In utilizing the engraved printing form during the printing process, each cup will contain a volume, which is proportional to the depth of the cup of printing ink, which may be a colored ink. The excess ink is wiped from the surface of the form by a doctor blade. The ink contained in the cup of the printing form is transferred from the cups onto the web on which the printing is to appear. The tone value of the printed surface at each point of the printed image is determined by the volume of ink carried by the cup at each point in the raster pattern.
During the engraving of each of the printing forms, the position of each of the cups with respect to other cups and their shape and depth have to be closely observed. Deviations in the arrangement of the cups with respect to other cups will lead to moire patterns and to color shift if several different colored inks are used.
In the printing process, there are approximately 120 tone value stages to distinguish between the density of "black" and "white" of the pattern. During the engraving, the needle lift difference for one tone value stage to the next adjacent tone value stage is approximately 0.25 .mu.m. Any deviation in needle lift changes the depth of the respective cup and thus the printed tone value.
Imperfections of the above type are sensed by the human eye as being disturbing when observing the printed picture.
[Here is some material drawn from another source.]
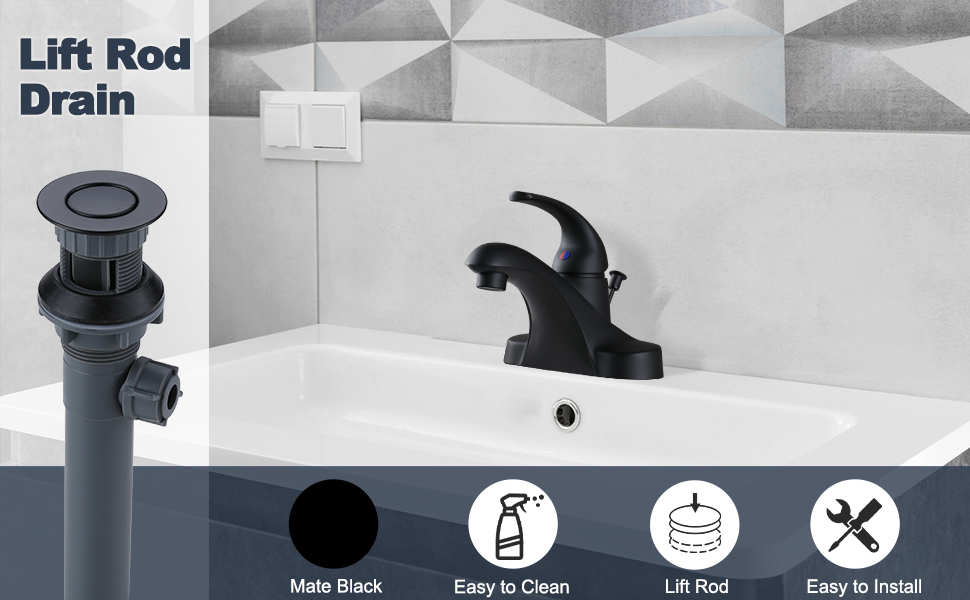 ARCORA Matte Black Bathroom Sink Drain with Overflow & Lift Rod for Vessel Sink - Bathroom Accessories - 2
The above described requirements make great demands in respect to an engraving system or device which will be described in more detail in the following paragraphs.
The engraving device consists of a stationary electromagnet having an air gap which receives an armature mounted on a shaft of a rotary system. The coil of the electromagnet is energized by a control current which is proportional to the picture signal and raster signal. The rotary system also includes a bearing for supporting the shaft for rotation and dampening means. One end of the shaft is changed into a torsion rod which is spatially mounted from the other end which carries a lever on which the engraving needle is attached.
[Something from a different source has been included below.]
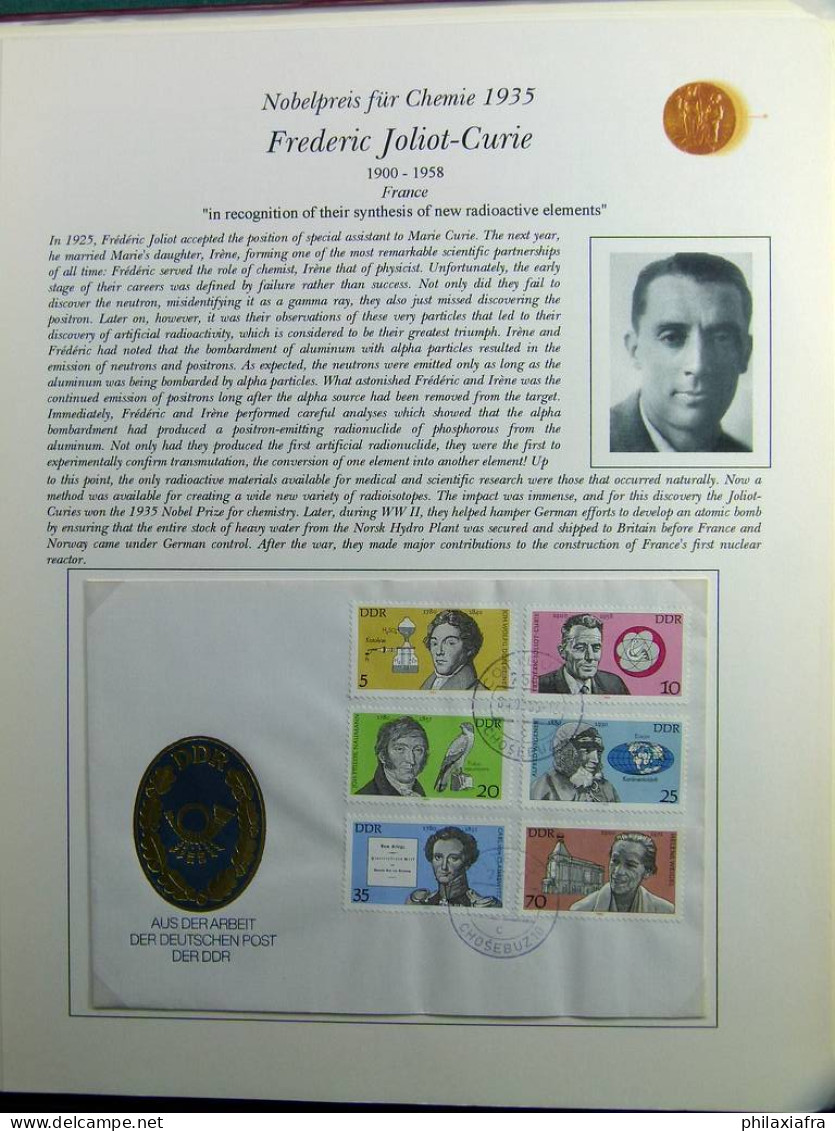 Collection thème des prix Nobel timbres neufs oblitéré histoire postale album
The magnetic field of the electromagnet electrically rotates the armature and the shaft, from a fixed resting position and the torsion rod assembly opposes the rotation by the electromagnet and applies a force restoring the shaft to the resting position. During each cup engraving step, the shaft is rotated through a very small rotary angle from the resting position which is determined by the non-twisted torsion rod and the angle of rotation is proportional to the amount or intensity of the control current which is determined by the picture signal and the raster signal.
Since the torsion rod assembly creates a spring-mass-system in case of abrupt changes of the control current, rotary inertia and additional attenuation due to dynamic moments will occur. The transit response of the engraving needle is determined by the degree of attenuation at its desired level which is determined by the control current.
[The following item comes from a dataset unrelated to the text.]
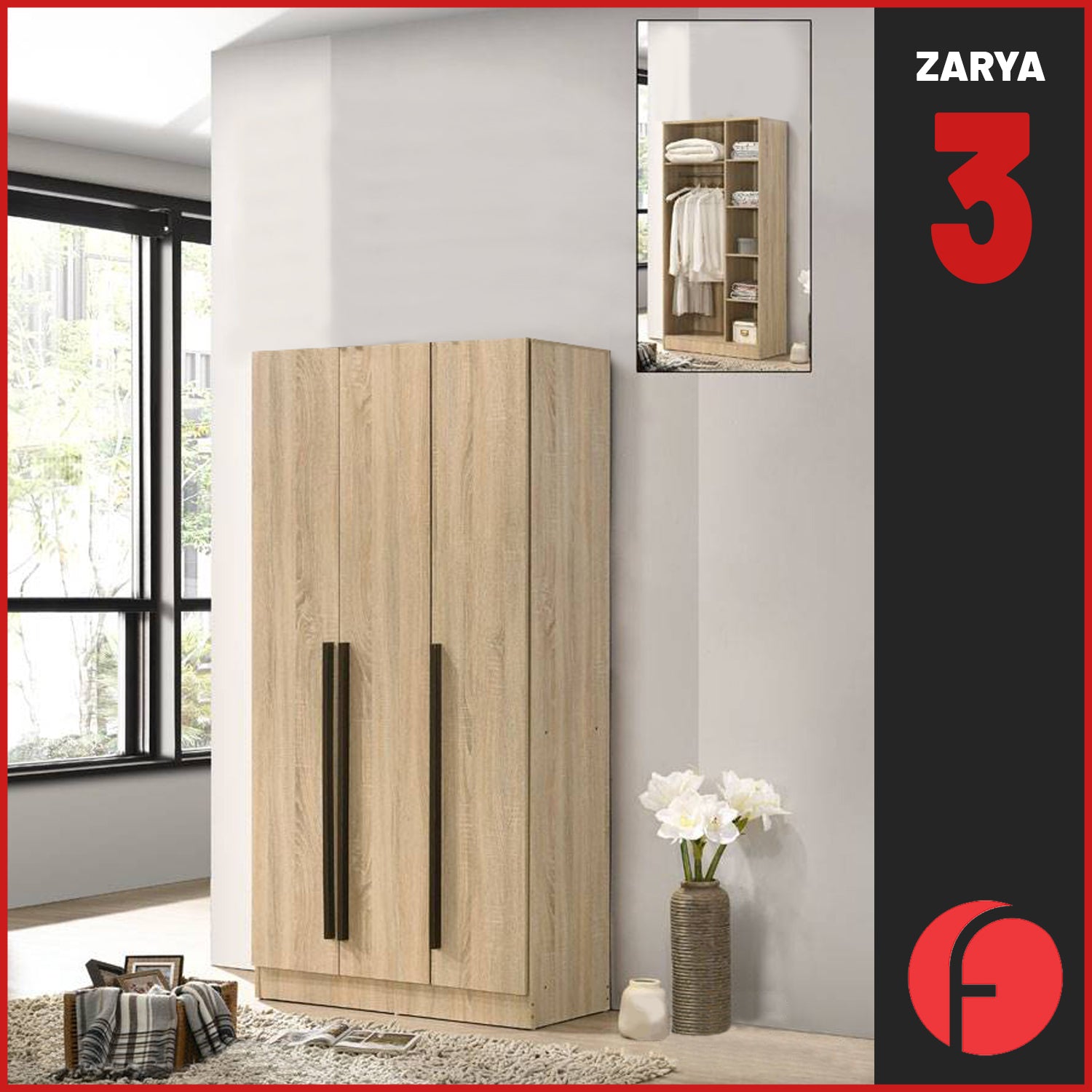 Zarya Series 3 Tall 3 Door Wardrobe Cabinet In Natural Oak Colour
In order to give the rotary system a desired degree of attenuation, a dampening arrangement is provided.
It is known from measuring techniques to dampen rotary systems by utilizing wings or pistons which move in a closed-off chamber containing a dampening medium. These arrangements have a common fact that the surface of the wings or the pistons which are effective for dampening are arranged perpendicular to the direction of movement of the rotary system. The known dampening arrangements cannot be used in the above engraving system since the degree of dampening which can be achieved thereby is insufficient due to the very small rotary angle of the shaft. Furthermore, it has been established that the characteristics of the dampening medium change due to mechanical stresses to the bordering surfaces of the dampening wings. This is due to the shaft and the dampening wings oscillating at a high frequency in the dampening medium.
After many years of preliminary work on solving the dampening problem, a dampening arrangement was developed for the engraving system or device wherein a single dampening wing, which is designed with a large surface area, was connected to the shaft at a point spaced from the lever and submerged into a stationary chamber which is filled with grease as a dampening medium. Unlike the known embodiments, the broad sides or surfaces of the dampening wing extend normal to the shaft and in the direction of rotation of the shaft. The degree of dampening of this proposed arrangement depends largely on the characteristics of the grease.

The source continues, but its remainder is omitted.